The mission of the company is to make our cities sustainable, and public transport affordable, accessible and available to all. Today, revenues from shared mobility and goods delivery make for a healthy balance on its balance sheet, with Yulu estimating that about 17,000 gig workers used its EVs in 2021. From a use case perspective, Yulu vehicles reduce the operating costs of delivery executives by almost 35-40% compared to conventional vehicles, thus improving their earning potential.“
Yulu has been practising what the world is converging on now. EVs are the need of the hour. Shared EVs were quite a new concept for people when we started off and it was not easy to sell our idea. But in recent times, shared EVs and battery-as-a-service have taken over the auto market and we will continue to stay ahead of the curve,” says Amit Gupta, CEO & co-founder, Yulu.

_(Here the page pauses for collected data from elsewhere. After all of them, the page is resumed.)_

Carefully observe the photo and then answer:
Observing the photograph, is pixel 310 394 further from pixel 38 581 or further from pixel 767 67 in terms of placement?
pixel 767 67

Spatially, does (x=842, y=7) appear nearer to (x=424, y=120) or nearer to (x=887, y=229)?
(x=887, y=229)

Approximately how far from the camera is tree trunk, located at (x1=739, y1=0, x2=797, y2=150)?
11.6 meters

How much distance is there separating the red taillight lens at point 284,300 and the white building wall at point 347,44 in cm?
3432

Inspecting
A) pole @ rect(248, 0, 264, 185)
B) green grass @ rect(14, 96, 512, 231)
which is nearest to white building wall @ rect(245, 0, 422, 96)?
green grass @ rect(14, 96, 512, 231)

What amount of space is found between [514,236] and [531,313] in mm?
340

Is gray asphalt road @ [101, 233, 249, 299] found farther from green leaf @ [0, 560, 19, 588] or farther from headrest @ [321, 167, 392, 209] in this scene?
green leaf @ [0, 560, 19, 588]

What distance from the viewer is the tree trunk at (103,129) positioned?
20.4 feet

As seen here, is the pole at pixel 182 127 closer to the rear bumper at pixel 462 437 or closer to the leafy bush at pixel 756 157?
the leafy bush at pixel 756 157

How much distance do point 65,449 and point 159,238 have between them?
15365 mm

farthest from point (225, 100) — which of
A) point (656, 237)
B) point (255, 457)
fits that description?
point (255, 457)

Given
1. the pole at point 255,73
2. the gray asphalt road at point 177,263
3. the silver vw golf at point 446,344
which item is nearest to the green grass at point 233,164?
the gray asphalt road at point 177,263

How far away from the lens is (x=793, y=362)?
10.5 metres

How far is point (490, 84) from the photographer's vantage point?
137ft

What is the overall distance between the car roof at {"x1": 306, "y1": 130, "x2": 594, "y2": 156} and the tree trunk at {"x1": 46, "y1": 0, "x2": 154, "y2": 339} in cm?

With 10,000 vehicles across Bengaluru, Mumbai and Delhi, Yulu is India’s largest electric mobility company, claims Gupta, a seasoned entrepreneur; prior to Yulu, he co-founded InMobi in 2007 that disrupted mobile advertising and became the country’s first profitable internet unicorn. According to him, Yulu will scale its fleet to 1,00,000 EVs by the end of this year. Besides this, Yulu is the largest player in the battery-as-a-service (BaaS) segment, he stresses. Since its inception, the company has been using swappable battery infrastructure. Max Network, its flagship battery swapping station, has completed three million battery swaps to date, and will be facilitating three million battery swaps per month by end 2022.Yulu has also set up Yulu Zones where its e-bikes can be picked up and dropped, differentiating it from other players in the segment. Currently, there are 3,000 such zones in the cities where Yulu is present, and the number will be increased to 10k-12k Yulu Zones by the end of this year.
Since the beginning, Yulu has been collaborating with government agencies, and assisting them in the formulation of the policy roadmap for EVs and BaaS. The company plans to be present in three more cities in 2022, and in about 8-10 cities by the end of the next financial year. Its next product, Yulu ‘Express’, will be a mid-speed vehicle created for the e-commerce industry which can carry a high payload. It is expected to be launched by the end of this year.
Gupta regards financial viability as a very important metric, and Yulu has always been in the black at the operational level. In the coming year, the company plans to raise funds through a combination of equity and debt, helping it put 1,00,000 electric vehicles on the road and have a presence in 8-10 more cities.